Ce qui surprend, par contre, est que celui qui voulait tant devenir moine ne semble passer aucun temps en monastère, autre que ceux qu’ils visitent ici et là en entrant toujours par la porte de derrière, pour éviter de payer. Une générosité toute bouddhique… Or, il aurait été tout à fait possible, à cette époque, pour Bérubé, de s’installer au monastère de Kopan ou de Pullahari, par exemple, à Katmandou, pour étudier aussi longtemps qu’il le désirait, seul ou en suivant les programmes offerts sur place. Peut-être serait-il arrivé aux mêmes conclusions après tout. Les moines ne sont que des hommes. Certes une révélation qui éveille. Ou peut-être aurait-il pu approfondir sa connaissance de la démarche bouddhique et monastique en compagnie de personnes capables de l’orienter, voire de rencontrer des individus comme lui, qui puissent lui refléter la grossièreté de ses illusions. Mais non, étrangement, il ne fait que se balader entre le Népal et le Tibet à la recherche des fantômes de son esprit. Et il se fâche de ne pas les rencontrer ! On se prend donc à douter, comme lui, de lui. Le pauvre, comme nombre de ses contemporains, se cherche lui-même, et rien d’autre. Et il a placé toute sa foi dans des personnages de bandes dessinées.

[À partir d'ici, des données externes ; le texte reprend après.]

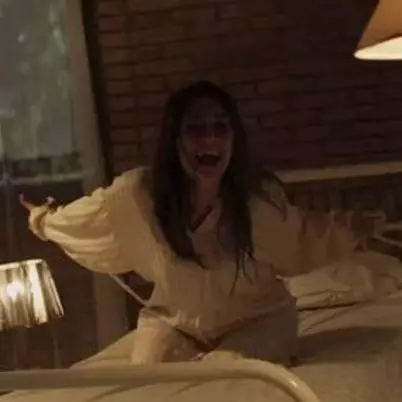 7 Gaya Celine Evangelista 'kesurupan' di film Ruqyah, bikin merinding!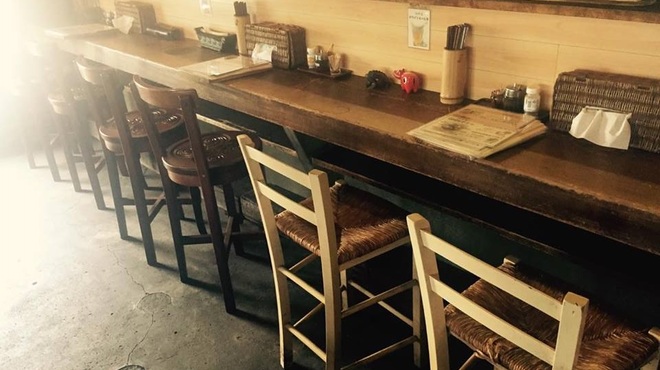 元祖へっころ谷 - 内観写真:
【カウンター席は女性お一人のお客様も多く利用】
一人暮らしや外食は簡単に済ませがちですが、世界に誇る長寿食「ほうとう」や発酵料理・デトックスメニューで日々の健康管理をしているお客様が多いです
発酵マイスターの資格を持つ店主にカウンター越しから食生活アドバイスを求める声もしばしば。
「一人で入るのは勇気がいったけど、思い切って入って良かった！」とみなさん口を揃えてくれます（笑）
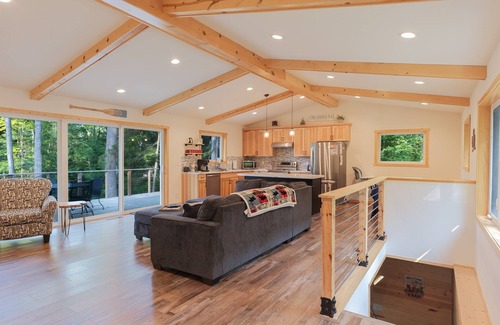 Wetmore House | Hiawatha Snowd Inn – Modern Lakefront Retreat | Dock Firepit A/C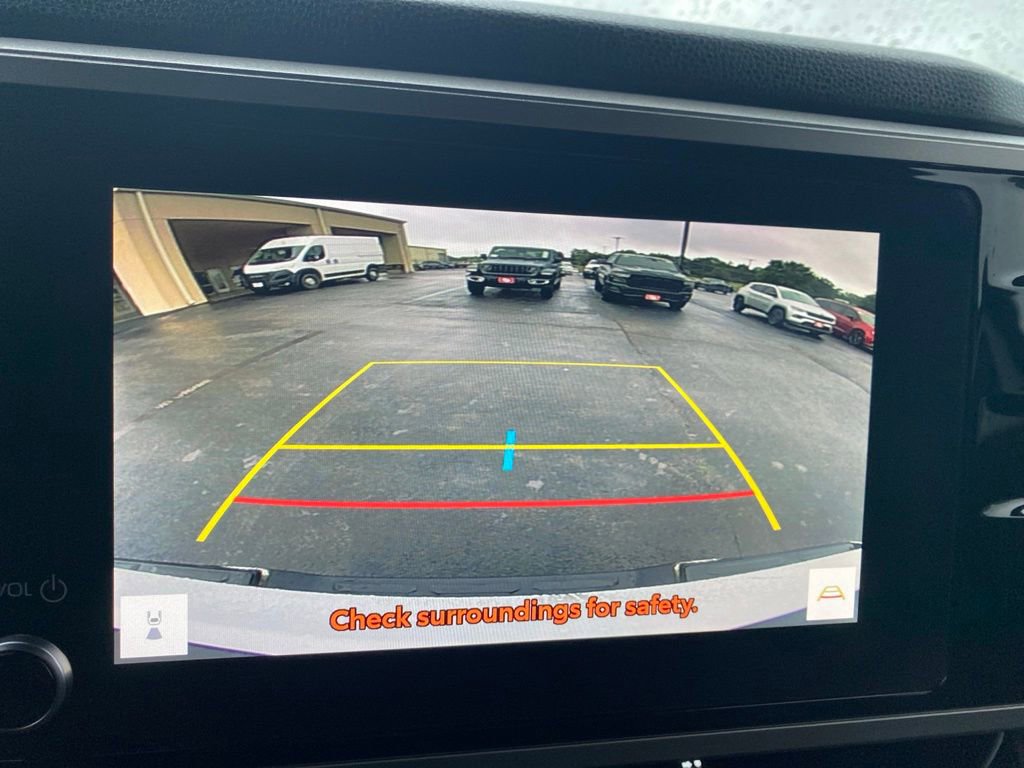 Used 2025 Toyota Tundra SR5 AWD/4WD image 24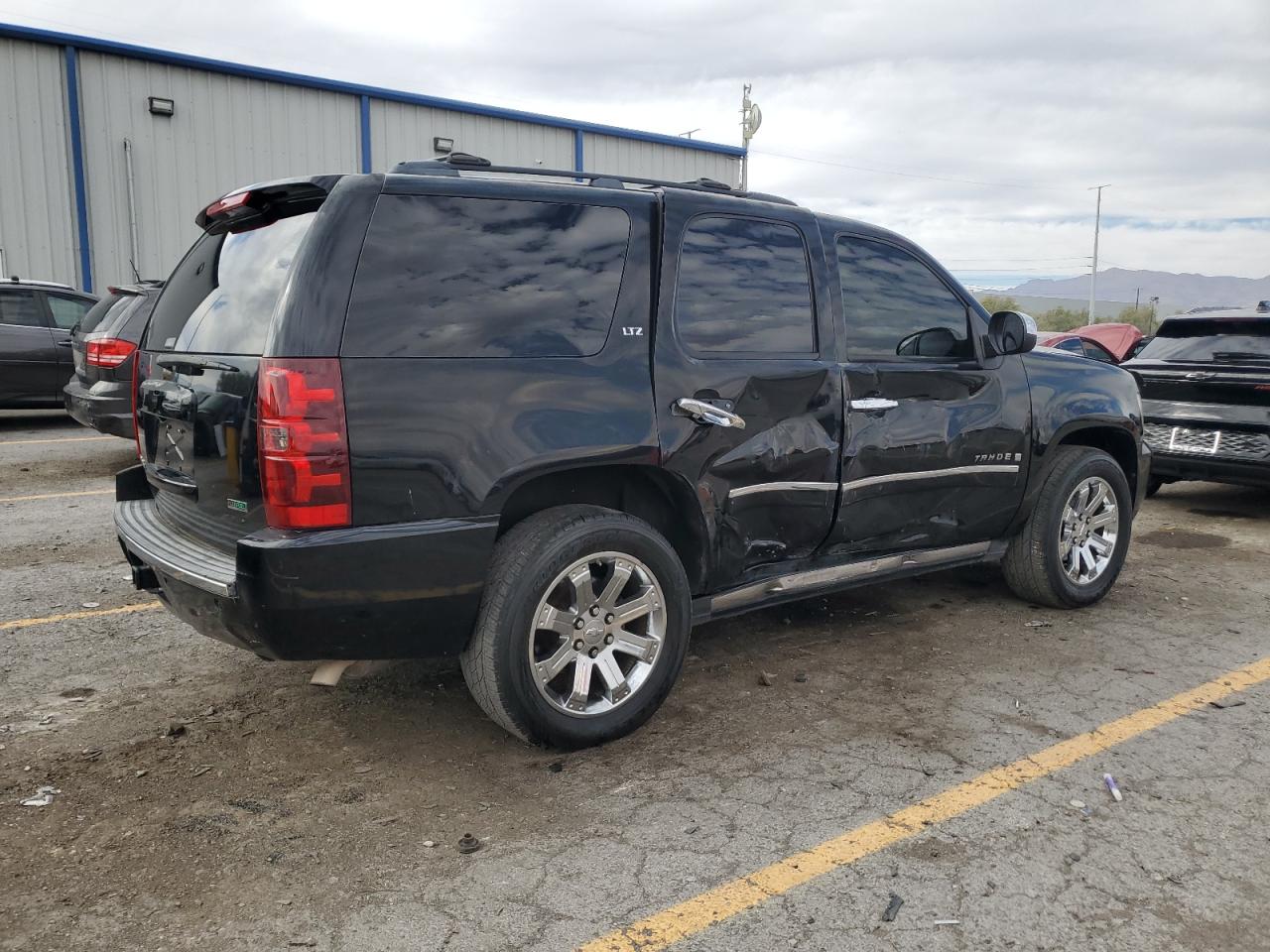 2009 CHEVROLET TAHOE K1500 LTZ photo 7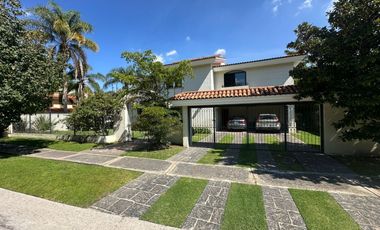INCREIBLE RESIDENCIA EN VENTA EN EL PALOMAR SECCION BOSQUES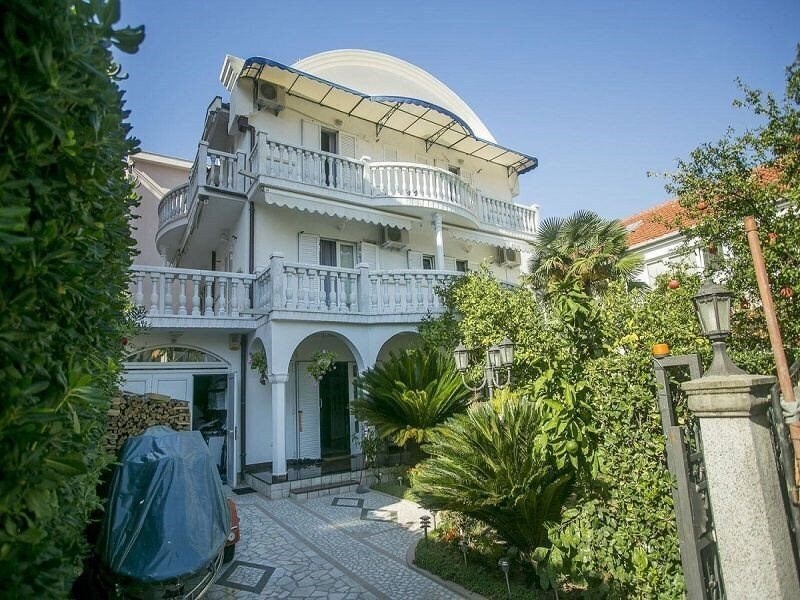 Готель Apartments Petrova 3*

Est-il nécessaire de rappeler ici que le « bouddhisme » monolithique n’existe pas et que, contrairement à Bérubé, partout où il s’est installé il s’est acculturé et adapté aux traditions locales, s’enrichissant ainsi de nouveaux symboles et de pratiques à même de communiquer et de répondre aux besoins des communautés d’accueil. Tout n’est pas doré au royaume du Bouddha, mais l’inverse est tout aussi irréel. La critique exprimée par Bérubé est toutefois un premier pas qui vaut la peine d’être partagé, surtout auprès des jeunes que l’on a saoulés de mythes pseudo-religieux. Mais elle appelle à une synthèse plus mature, plus nuancée. Un deuxième tome ?
Jean-Sébastien Bérubé, Comment je ne suis pas devenu moine, Paris, Futuropolis, 2017, 240 p.